*What the task requires:* Only the lines from the one containing "Australia Cropland NDVI" to the end of the records should be given again, word for word and in full.

*Study material:*
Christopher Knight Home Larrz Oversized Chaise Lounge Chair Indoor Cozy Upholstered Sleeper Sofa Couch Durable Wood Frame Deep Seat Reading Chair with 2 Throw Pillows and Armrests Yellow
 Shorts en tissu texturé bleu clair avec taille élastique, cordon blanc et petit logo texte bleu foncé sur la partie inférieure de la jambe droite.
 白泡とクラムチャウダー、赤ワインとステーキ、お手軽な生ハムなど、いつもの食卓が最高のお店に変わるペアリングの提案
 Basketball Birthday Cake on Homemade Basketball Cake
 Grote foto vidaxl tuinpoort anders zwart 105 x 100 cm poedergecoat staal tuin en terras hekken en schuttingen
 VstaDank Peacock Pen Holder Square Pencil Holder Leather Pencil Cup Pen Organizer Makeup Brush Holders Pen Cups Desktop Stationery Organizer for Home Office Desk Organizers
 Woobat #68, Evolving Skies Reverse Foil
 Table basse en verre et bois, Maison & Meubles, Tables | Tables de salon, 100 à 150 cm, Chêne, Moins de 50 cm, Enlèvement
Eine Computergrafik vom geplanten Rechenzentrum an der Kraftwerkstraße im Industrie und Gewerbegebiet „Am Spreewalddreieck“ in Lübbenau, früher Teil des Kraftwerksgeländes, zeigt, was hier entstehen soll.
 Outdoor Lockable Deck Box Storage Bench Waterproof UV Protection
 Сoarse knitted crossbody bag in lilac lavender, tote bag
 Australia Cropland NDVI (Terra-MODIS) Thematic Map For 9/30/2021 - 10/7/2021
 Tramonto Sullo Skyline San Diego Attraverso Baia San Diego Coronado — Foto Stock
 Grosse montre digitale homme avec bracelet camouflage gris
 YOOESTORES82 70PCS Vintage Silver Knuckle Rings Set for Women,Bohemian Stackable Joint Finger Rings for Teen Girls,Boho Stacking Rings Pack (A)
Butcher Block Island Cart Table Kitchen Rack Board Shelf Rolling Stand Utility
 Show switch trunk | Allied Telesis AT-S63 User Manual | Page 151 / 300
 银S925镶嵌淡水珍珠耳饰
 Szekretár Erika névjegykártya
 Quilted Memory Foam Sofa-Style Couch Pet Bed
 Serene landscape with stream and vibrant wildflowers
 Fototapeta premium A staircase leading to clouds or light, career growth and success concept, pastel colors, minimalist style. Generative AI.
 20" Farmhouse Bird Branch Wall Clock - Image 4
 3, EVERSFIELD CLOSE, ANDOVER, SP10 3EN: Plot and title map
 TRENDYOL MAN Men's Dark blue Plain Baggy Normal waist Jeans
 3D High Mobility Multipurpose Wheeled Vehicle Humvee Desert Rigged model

*Answer below:*
 Australia Cropland NDVI (Terra-MODIS) Thematic Map For 9/30/2021 - 10/7/2021
 Tramonto Sullo Skyline San Diego Attraverso Baia San Diego Coronado — Foto Stock
 Grosse montre digitale homme avec bracelet camouflage gris
 YOOESTORES82 70PCS Vintage Silver Knuckle Rings Set for Women,Bohemian Stackable Joint Finger Rings for Teen Girls,Boho Stacking Rings Pack (A)
Butcher Block Island Cart Table Kitchen Rack Board Shelf Rolling Stand Utility
 Show switch trunk | Allied Telesis AT-S63 User Manual | Page 151 / 300
 银S925镶嵌淡水珍珠耳饰
 Szekretár Erika névjegykártya
 Quilted Memory Foam Sofa-Style Couch Pet Bed
 Serene landscape with stream and vibrant wildflowers
 Fototapeta premium A staircase leading to clouds or light, career growth and success concept, pastel colors, minimalist style. Generative AI.
 20" Farmhouse Bird Branch Wall Clock - Image 4
 3, EVERSFIELD CLOSE, ANDOVER, SP10 3EN: Plot and title map
 TRENDYOL MAN Men's Dark blue Plain Baggy Normal waist Jeans
 3D High Mobility Multipurpose Wheeled Vehicle Humvee Desert Rigged model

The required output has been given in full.